There was also a spend at the Speights Ale House and Petone Italian restaurant La Bella Italia, as well as espresso equipment company Espresso Ninja and a company called Dive & Ski.

Upper Hutt mayor Wayne Guppy said Wellington Water should have never suppressed so much information on its spending of public money, from major infrastructure contracts to mindfulness.

“If you can justify the spending, what are you hiding? … This just adds to the deceitfulness we have had from them for the past five years,” he said.

Spending at skin clinics and wellness companies seemed removed from the business of Wellington Water, he said.
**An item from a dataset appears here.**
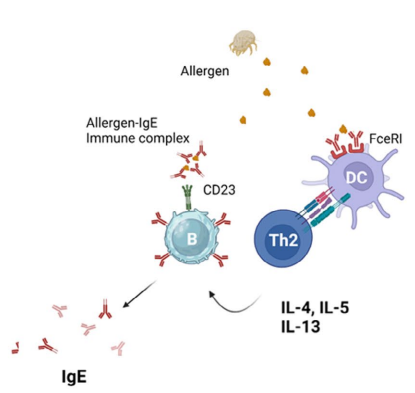 Bioss 爆品推荐│IgE研究如何脱颖而出?高特异性原料与工具是关键!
“If it is staff welfare, tell people, ‘this is what we are spending your money on’.”

Wellington City Council environment and infrastructure chairperson Tim Brown said Wellington Water’s list was worthless without it also releasing how much was spent and on what.

“As a public body it is appropriate we do make such information public,” Brown said.

A huge fountain erupted in Aro Valley in 2021, sending torrents of water down Aro Street, as Wellingtonians began to be aware of the state of the city’s pipes.
A huge fountain erupted in Aro Valley in 2021, sending torrents of water down Aro Street, as Wellingtonians began to be aware of the state of the city’s pipes.

“There is certainly no commercial reason to not disclose such after-the-fact data.”

Porirua mayor Anita Baker said it was difficult to judge the newly released spending without details of the amount and purpose.

'Clearly I would expect Wellington Water to be prudent with ratepayer money – just as all Wellingtonians would expect their local council to be similarly careful with what is spent,“ she said.

“I would also expect Wellington Water to invest in the wellbeing of its staff.”

Likewise, Wellington mayor Tory Whanau couldn’t comment on specific spending without Wellington Water giving the rationale.

“As a public entity, Wellington Water must spend ratepayer money carefully and transparently, with the core focus being to maintain and upgrade water infrastructure,” Whanau said.

Recent years have seen leaks become a regular feature in Wellington’s ageing pipe network and in 2023 it was estimated the region lost about 44% of all its treated water to leaks.

Wellington Water is owned by councils in Wellington, Upper and Lower Hutt, Porirua and South Wairarapa but, with its days likely numbered as a new water entity comes in, it has been under fire in a number of reports.

One recently found weakness in its financial systems and that it was at significant fraud risk, another found it was overpaying contractors, while one in 2023 found duplicated jobs and soaring costs.

It was revealed this week that the utility only just became aware of a 2021 report which “echoes some of the value for money issues” that came out in recent reports.